Il circule dans le réseau associatif et les festivals. Notamment, au Festival international de films sur les droits de l'homme de Lomé ( Togo, du 25 au 29 octobre) ; au Festival des Libertés à Bruxelles (Belgique, du 31 octobre au 10 novembre); au Festival International du film d’Amiens (France, du 9 au 18 novembre) ; au Festival du cinéma africain de Vérone (Italie, du 19 au 26 novembre) ; au Festival de cinéma d’Attac (Centre culturel Le botannique, Bruxelles, Belgique, du 22 novembre au 2 décembre 2007) ; au Festival Film de Quartier à Dakar (Sénégal, du 15 au 20 décembre 2007) ; et à Regards sur le cinéma du Sud à Rouen (France, du 15 au 26 janvier 2008).

Enfin le film a accompagné la Caravane Thomas Sankara, du 8 septembre au 15 octobre 2007, dans différentes villes du monde (Genève, 24 septembre, Dakar, 5 octobre, Toronto, 13 octobre et Montréal, 15 octobre).

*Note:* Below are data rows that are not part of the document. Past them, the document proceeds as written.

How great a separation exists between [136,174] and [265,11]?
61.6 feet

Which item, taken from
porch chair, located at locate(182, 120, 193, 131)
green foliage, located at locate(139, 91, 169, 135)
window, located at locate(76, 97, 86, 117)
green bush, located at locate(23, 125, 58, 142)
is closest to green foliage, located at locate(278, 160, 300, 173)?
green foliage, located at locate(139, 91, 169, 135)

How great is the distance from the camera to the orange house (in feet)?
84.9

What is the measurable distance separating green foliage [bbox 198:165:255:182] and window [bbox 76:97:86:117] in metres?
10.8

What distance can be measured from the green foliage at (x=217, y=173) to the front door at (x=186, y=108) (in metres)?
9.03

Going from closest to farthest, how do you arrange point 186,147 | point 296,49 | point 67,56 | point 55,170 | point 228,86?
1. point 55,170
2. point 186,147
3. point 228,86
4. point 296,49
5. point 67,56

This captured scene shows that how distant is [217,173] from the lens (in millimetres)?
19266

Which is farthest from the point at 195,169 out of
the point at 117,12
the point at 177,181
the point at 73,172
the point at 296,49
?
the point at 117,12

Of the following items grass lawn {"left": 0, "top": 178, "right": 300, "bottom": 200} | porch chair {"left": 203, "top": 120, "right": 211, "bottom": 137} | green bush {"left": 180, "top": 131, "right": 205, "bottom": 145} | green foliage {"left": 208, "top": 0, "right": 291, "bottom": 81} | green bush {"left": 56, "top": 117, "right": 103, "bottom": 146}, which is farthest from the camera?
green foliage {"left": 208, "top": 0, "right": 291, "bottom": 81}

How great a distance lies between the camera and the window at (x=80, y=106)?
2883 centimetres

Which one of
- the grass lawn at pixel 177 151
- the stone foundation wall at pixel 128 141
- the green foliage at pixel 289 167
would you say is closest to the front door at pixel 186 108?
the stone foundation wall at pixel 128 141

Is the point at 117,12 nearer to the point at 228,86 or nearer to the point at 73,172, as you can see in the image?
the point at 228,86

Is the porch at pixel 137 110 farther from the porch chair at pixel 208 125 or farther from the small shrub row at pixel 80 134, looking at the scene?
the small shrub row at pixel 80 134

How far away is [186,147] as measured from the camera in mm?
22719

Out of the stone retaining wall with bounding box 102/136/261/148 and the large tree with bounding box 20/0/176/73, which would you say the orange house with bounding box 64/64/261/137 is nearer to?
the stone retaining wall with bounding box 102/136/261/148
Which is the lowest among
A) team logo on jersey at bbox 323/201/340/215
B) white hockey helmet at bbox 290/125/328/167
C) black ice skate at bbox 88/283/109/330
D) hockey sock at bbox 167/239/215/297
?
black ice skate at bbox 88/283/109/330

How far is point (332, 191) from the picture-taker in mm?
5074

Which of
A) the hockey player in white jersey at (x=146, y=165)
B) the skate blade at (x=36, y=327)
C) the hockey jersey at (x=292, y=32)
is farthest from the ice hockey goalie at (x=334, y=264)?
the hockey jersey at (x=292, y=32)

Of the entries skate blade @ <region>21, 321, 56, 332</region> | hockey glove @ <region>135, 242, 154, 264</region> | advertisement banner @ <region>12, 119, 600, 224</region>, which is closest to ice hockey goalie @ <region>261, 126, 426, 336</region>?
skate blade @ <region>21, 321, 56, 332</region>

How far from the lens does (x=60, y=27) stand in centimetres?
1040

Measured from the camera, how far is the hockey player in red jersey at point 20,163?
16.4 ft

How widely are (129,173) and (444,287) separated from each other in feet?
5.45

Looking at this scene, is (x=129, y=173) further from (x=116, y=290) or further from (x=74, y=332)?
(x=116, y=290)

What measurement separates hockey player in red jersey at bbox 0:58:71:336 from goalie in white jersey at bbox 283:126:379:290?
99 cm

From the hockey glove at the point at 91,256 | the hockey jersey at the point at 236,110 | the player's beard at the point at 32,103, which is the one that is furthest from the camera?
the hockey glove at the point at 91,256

Autres films sur Thomas Sankara :

Capitaine Thomas Sankara, requiem pour un Président assassiné, par Didier Mauro et Marie Roger Biloa. 1988, film 45 mn couleur. Produit par Orchidées et Association Internationale Thomas Sankara.

Thomas Sankara, par Balufu Bakupa Kaniyinda. 1993, film 16 mn couleur ; 26 mn noir et blanc. Produit par Stéphan Oriach, Myriapodus Films.